• Source data:
■ ■ ■ ■

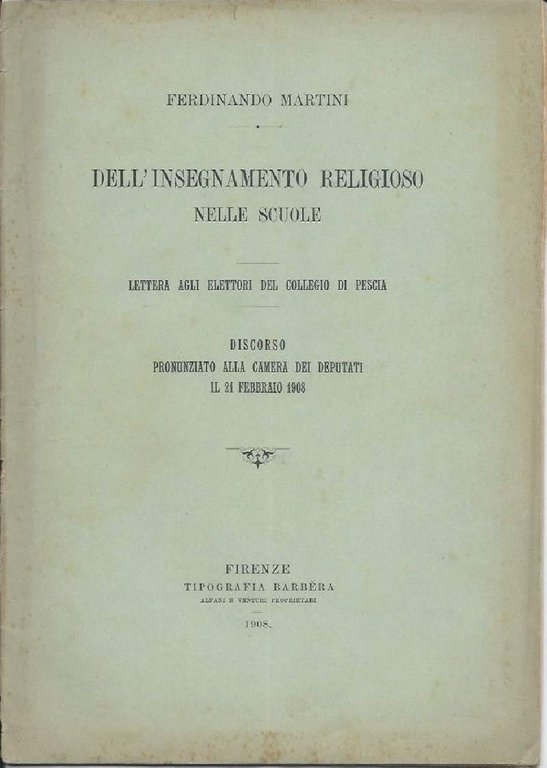DELL'INSEGNAMENTO RELIGIOSO NELLE SCUOLE - LETTERA AGLI ELETTORI DEL COLLEGIO … | Immagine Gallery 1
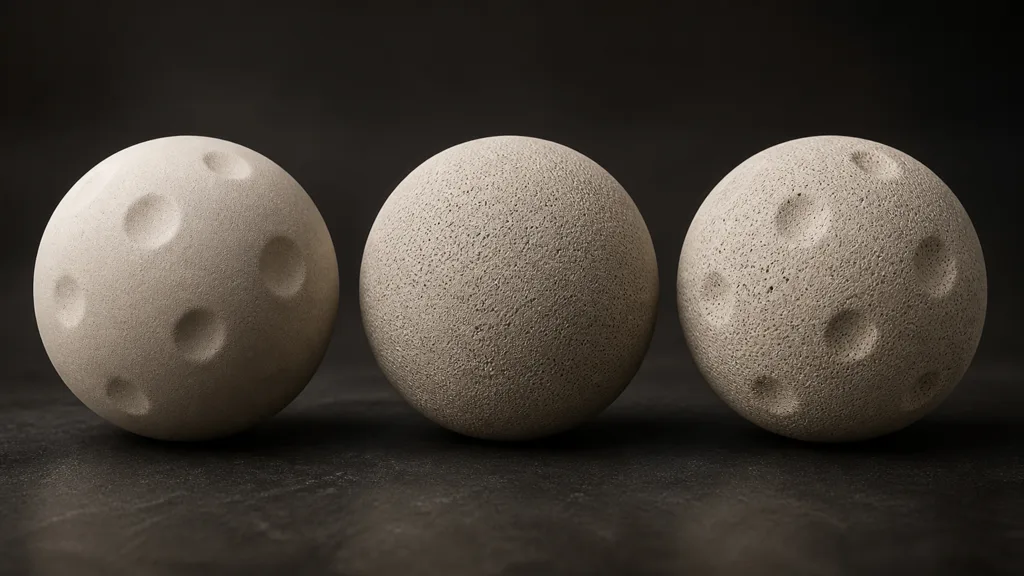 Three ceramic spheres showing broad dents, fine pores, and both details combined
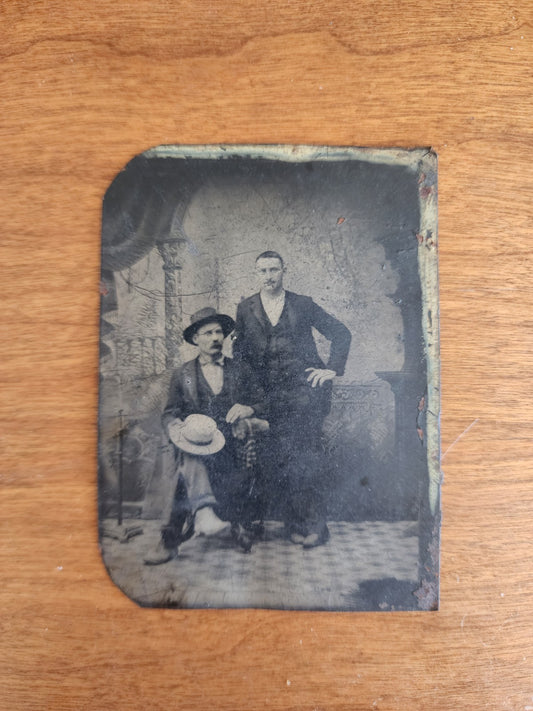 Antique Tintype Photo Portrait of Two Gentleman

■ ■ ■ ■

• Exercise details: Leave out the pictures, then return every line of the data exactly.

• Completed task:
DELL'INSEGNAMENTO RELIGIOSO NELLE SCUOLE - LETTERA AGLI ELETTORI DEL COLLEGIO … | Immagine Gallery 1
 Three ceramic spheres showing broad dents, fine pores, and both details combined
 Antique Tintype Photo Portrait of Two Gentleman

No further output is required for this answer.